- What you are asked to do
Beginning with the line that contains "Ferienwohnung Apartment Dettum", repeat each line exactly through the end of the listing below. Pictures stay out.

━━━━

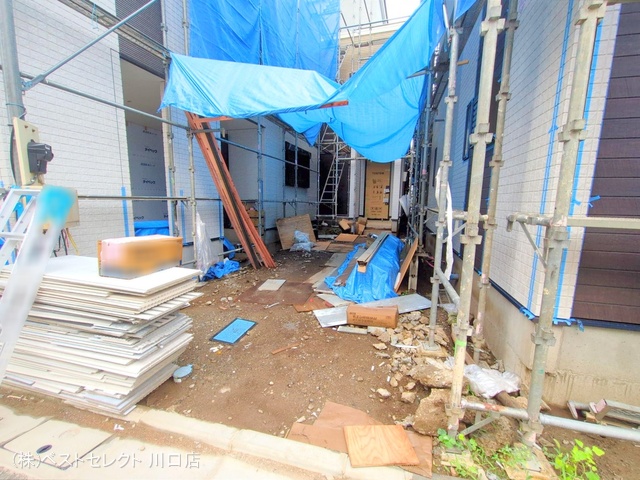 埼玉県蕨市南町３丁目の新築戸建て外構写真 2025年7月10日撮影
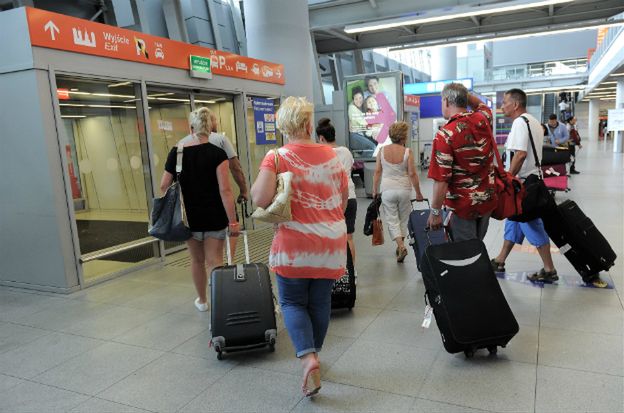 MSZ odradza wyjazdy do kilkunastu krajów i apeluje o zachowanie "szczególnej ostrożności"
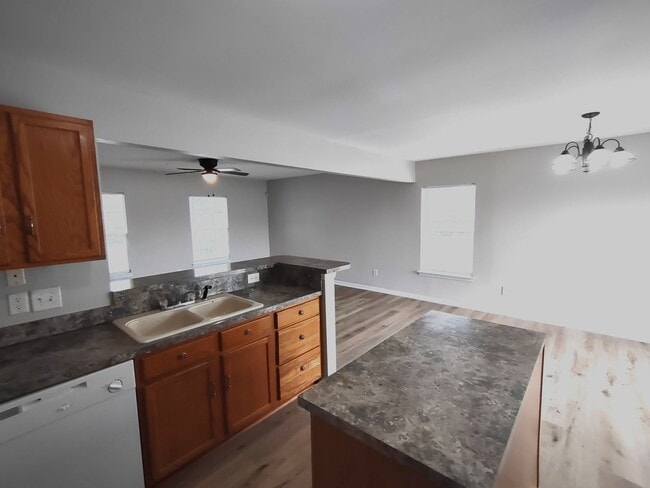 Building Photo - Move-In Ready Home located in the Back Cre...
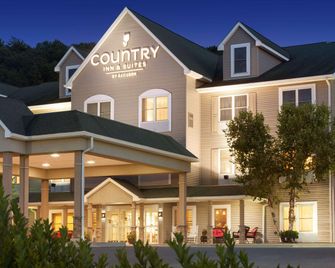 Country Inn & Suites by Radisson, Lehighton,PA - Lehighton - Building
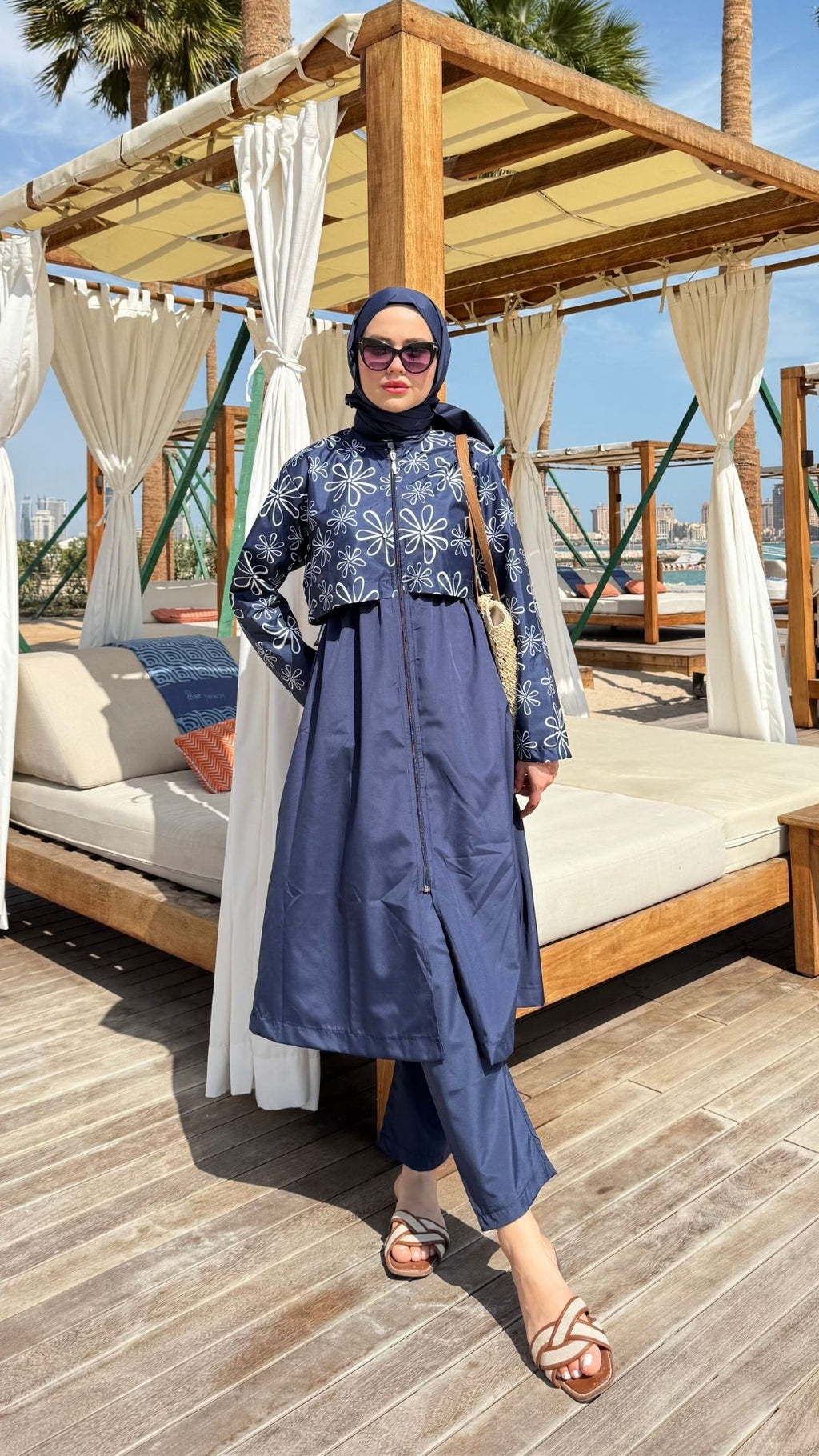 Desenli Paraşüt Kumaş Uzun Tesettür Mayo Lacivert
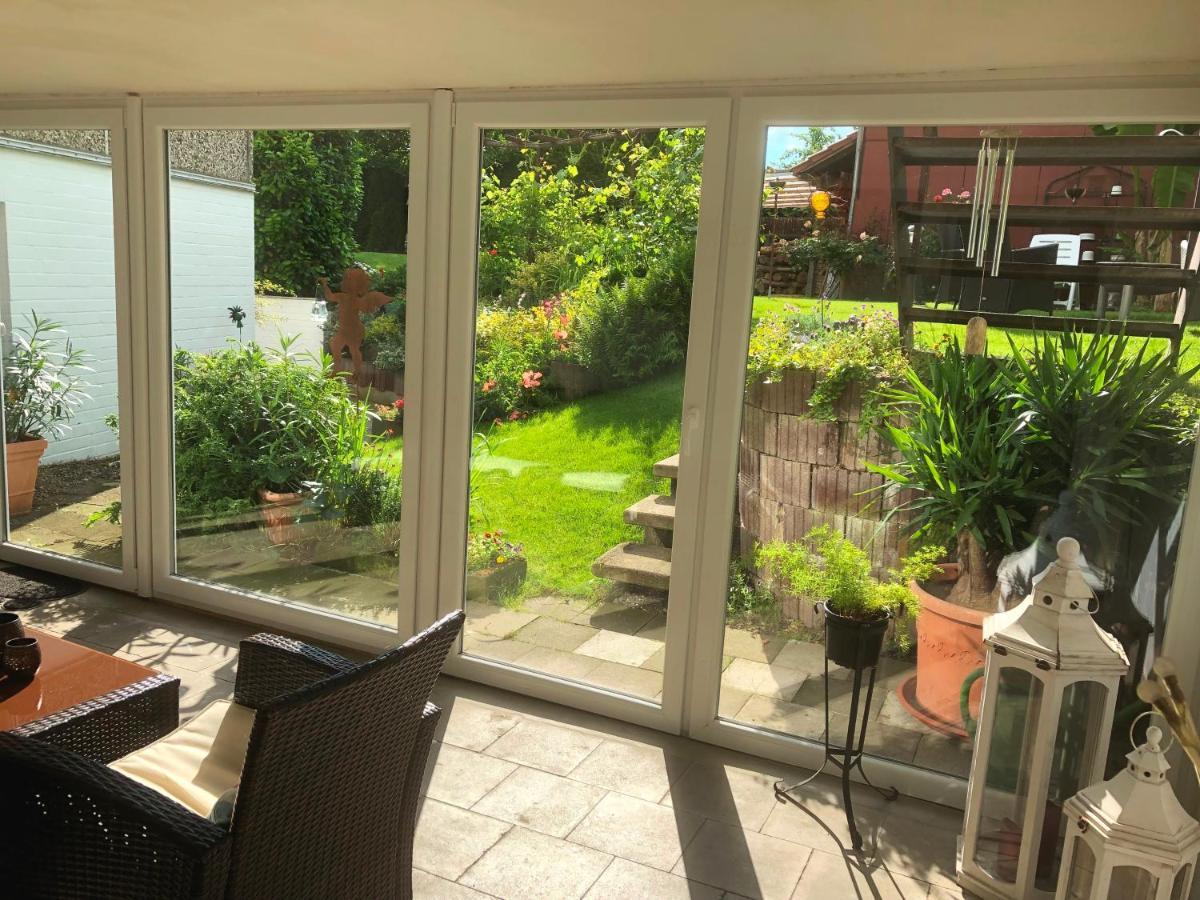 Ferienwohnung Apartment Dettum Mit Eigenem Bad, Kochnische Und Wintergarten Luaran gambar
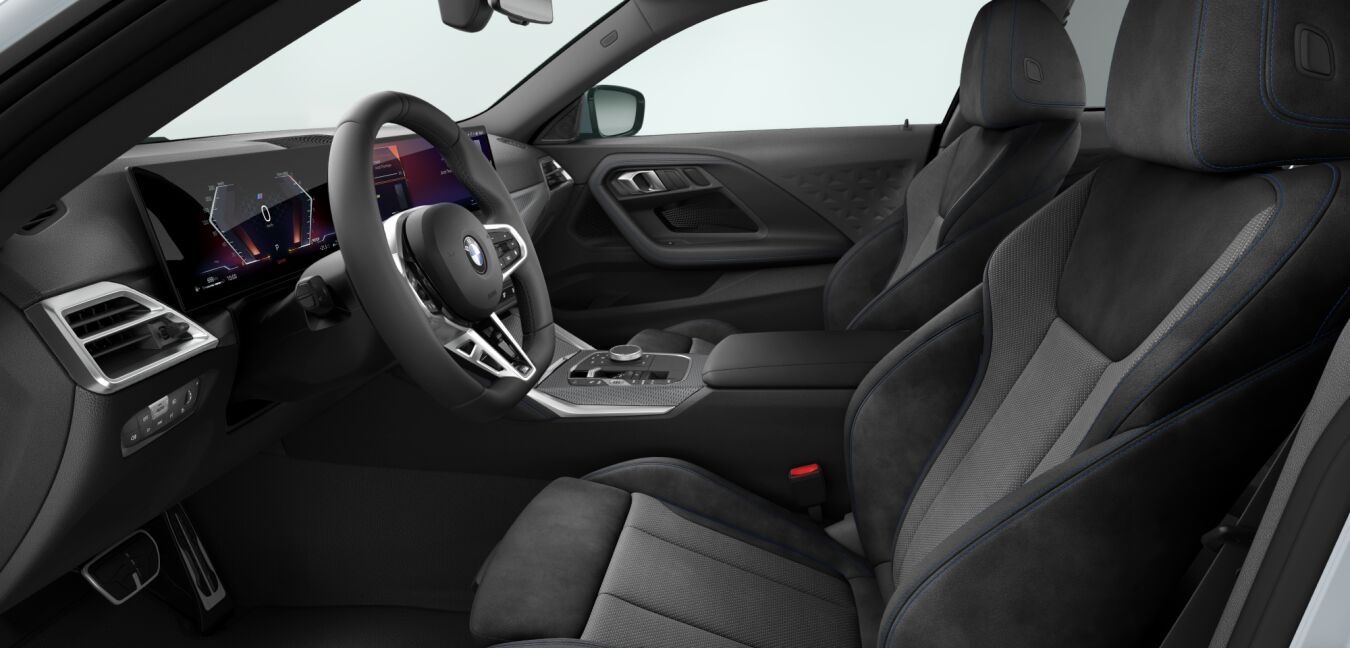 BMW BMW 2er im Innenraum seitlich BMW BMW 2er im Innenraum seitlich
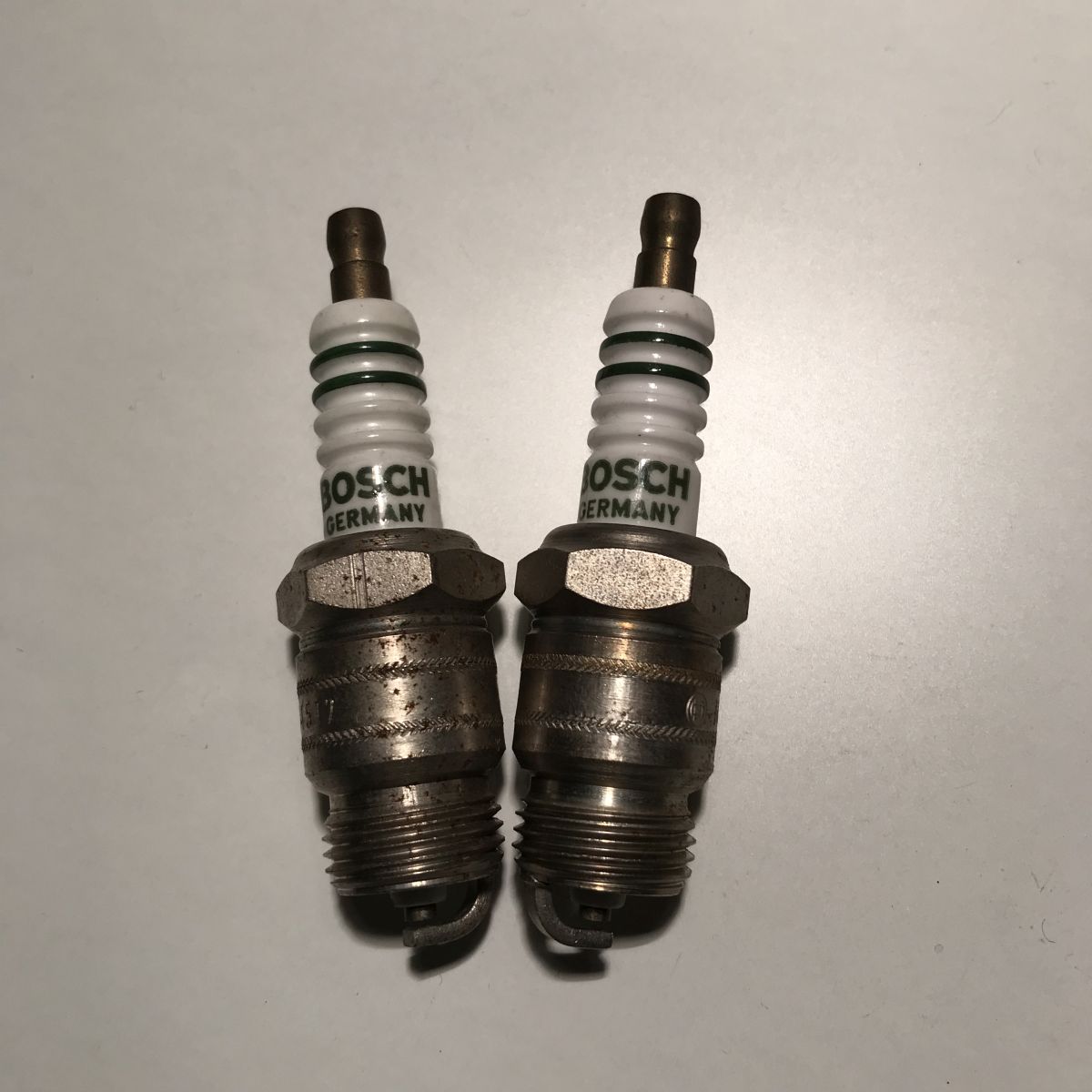 2x Bosch Zündkerze MA145T7 Spark Plug Tennplugg Z27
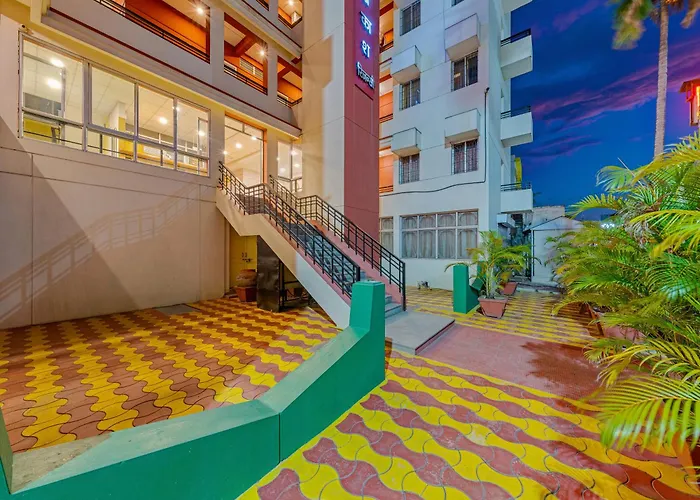 Prakash Regency, Satara Hotel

━━━━

- Written response
 Ferienwohnung Apartment Dettum Mit Eigenem Bad, Kochnische Und Wintergarten Luaran gambar
 BMW BMW 2er im Innenraum seitlich BMW BMW 2er im Innenraum seitlich
 2x Bosch Zündkerze MA145T7 Spark Plug Tennplugg Z27
 Prakash Regency, Satara Hotel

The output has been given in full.